MSU Billings Library spring lecture series explores American food culture, politics, history
March 3, 2016
Brent Roberts, MSUB Library, 657-1655
Carmen Price, University Relations & Communications, 657-2266
MSU BILLINGS NEWS SERVICES — We’ve all heard the phrase, “You are what you eat.” So, what does this tell us about American food culture, politics and history?
A new batch of speakers will provide soundbites focused on the topic during the annual spring lecture series hosted by the Montana State University Billings Library.
The six-part series “What’s Cooking?: Exploring American Food Culture, Politics, and History” will feature experts in the fields of history, science, communications and Native American studies, as well as Seabring Davis, Montana author and former editor of the Big Sky Journal.

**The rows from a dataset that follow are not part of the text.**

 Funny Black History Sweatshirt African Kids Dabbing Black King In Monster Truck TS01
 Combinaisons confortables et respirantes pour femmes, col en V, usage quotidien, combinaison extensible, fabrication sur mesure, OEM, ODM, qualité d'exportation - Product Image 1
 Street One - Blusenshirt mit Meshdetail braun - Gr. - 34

Lectures will be held Tuesday evenings at 6:30 p.m. in the library building, room 148. The series is free and the public is encouraged to attend.

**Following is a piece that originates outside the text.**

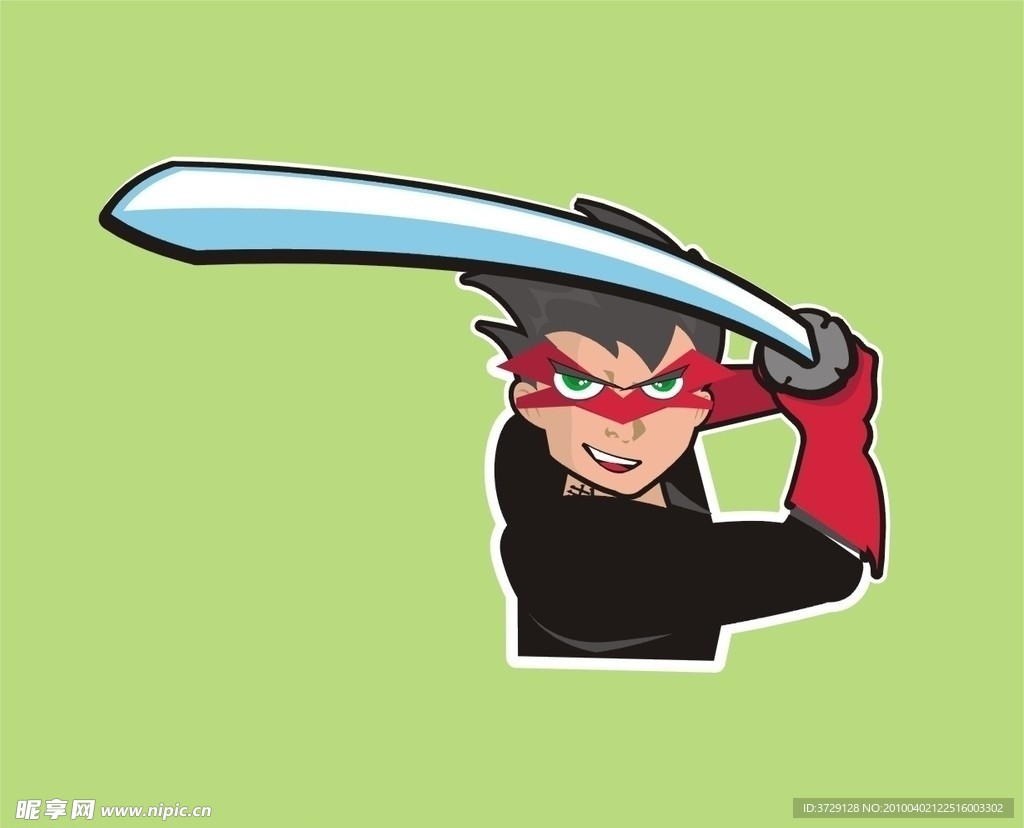 戴面罩的黑衣剑客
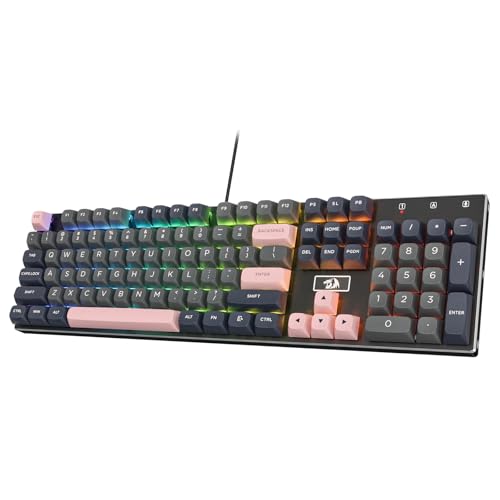 Redragon K556 Wired RGB Mechanical Gaming Keyboard, 104-Key Aluminum Board | Rock-Solid Metal Build, 20 Backlits for Immersive ESports Vibe, Hot-swap Creamy Custom Linear Switch, PBT Round Keycaps - color: Black+Pink, size: Custom Switch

Communications professor Sam Boerboom will present in the series’ first lecture on March 15 from his recent book, “The Political Language of Food” and how rhetorical style is linked to the science and marketing of weight loss regimes.
“Food language is rarely neutral and is often strategically vague, which tends to serve the interests of powerful entities,” Boerboom said.
Food language, he said, conceals just as much as it reveals as the narrative replaces facts.
A contributor to Boerboom’s book, Melissa Boehm, also of the MSUB Communications and Theatre Department, will speak about media’s place in food culture during the second lecture slated for March 22.
During the March 29 lecture, local Billings chefs will face off in a no-holds-barred Iron Chef-style cook-off while Matt Queen, of the MSUB Biological and Physical Sciences Department and registered dietician Michele McMullen explain the molecular magic.
Davis will present April 5 about the nostalgia of recipes passed down from grandmothers, of which mark the ways food make imprints on our minds and our palettes.
The audience will be treated to a taste of traditional Native cuisine and a discussion about the roles of Native women with American Indian Outreach Director, Reno Charette. “The delicacies of (Native) food preparation will be explored through robust internet searches, accentuated by the creative bouquets of local producers and finished with rich vibrancy of sous chef sisters, Charette said.
The last lecture, on April 19, explores the ways in which the restaurant scene in Billings has evolved since its founding in 1882. “The arrival of people from around the world demanded diverse offerings be railroaded in, such as oysters, salmon and European cheeses and cured meats,” presenter Stella Fong says. “The every day eateries created dishes that reminded them of home such as chop suey and egg foo young, milk toast and meatballs and spaghetti."
But one staple on the Billings menu, Fong says, has always been a good steak.